[Start of section]

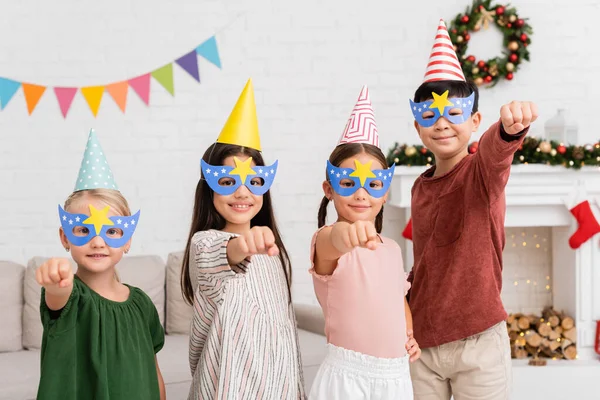 Веселі міжрасові діти в вечірніх кепках і масках жестикулюють під час вечірки на день народження вдома — стокове фото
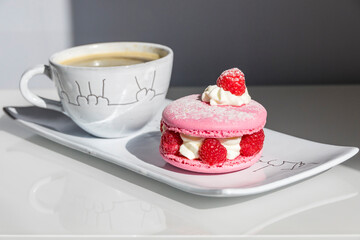 Elegant pink raspberry macaron with cream filling and fresh berries served alongside coffee on white porcelain plate. Perfect French pastry dessert presentation.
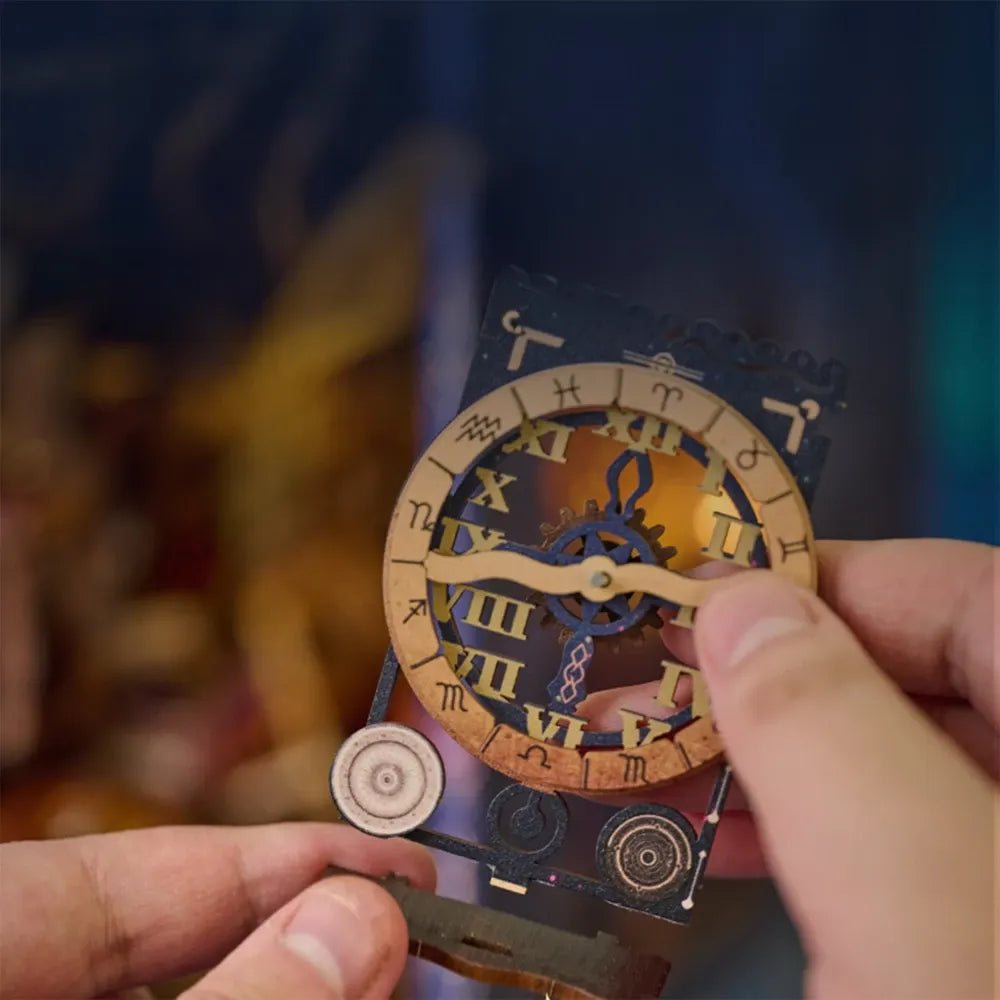 Close-up of assembling the zodiac clock puzzle piece for the magical laboratory miniature kit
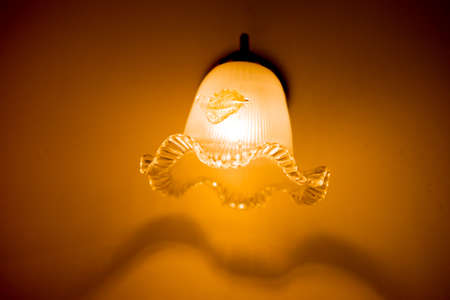 Ceiling lamp on wall in home at nightのeditorial素材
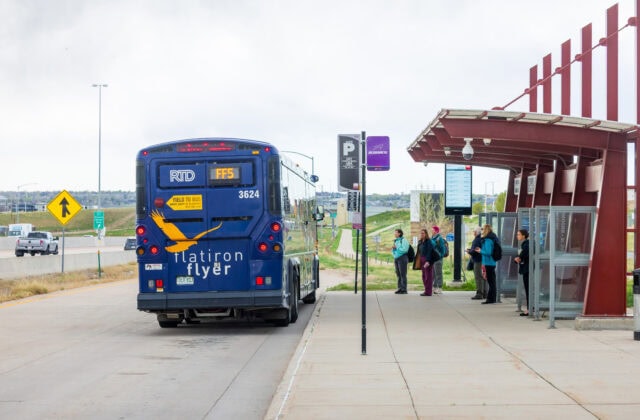 Image of RTD Flatiron Flyer parked at US 36 Broomfield Station to pick up passengers. Passengers waiting in line to enter the bus.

[End of section]

**TASK BRIEF**
A verbatim copy of the records above, without pictures, is required.

**REPLY**
 Веселі міжрасові діти в вечірніх кепках і масках жестикулюють під час вечірки на день народження вдома — стокове фото
 Elegant pink raspberry macaron with cream filling and fresh berries served alongside coffee on white porcelain plate. Perfect French pastry dessert presentation.
 Close-up of assembling the zodiac clock puzzle piece for the magical laboratory miniature kit
 Ceiling lamp on wall in home at nightのeditorial素材
 Image of RTD Flatiron Flyer parked at US 36 Broomfield Station to pick up passengers. Passengers waiting in line to enter the bus.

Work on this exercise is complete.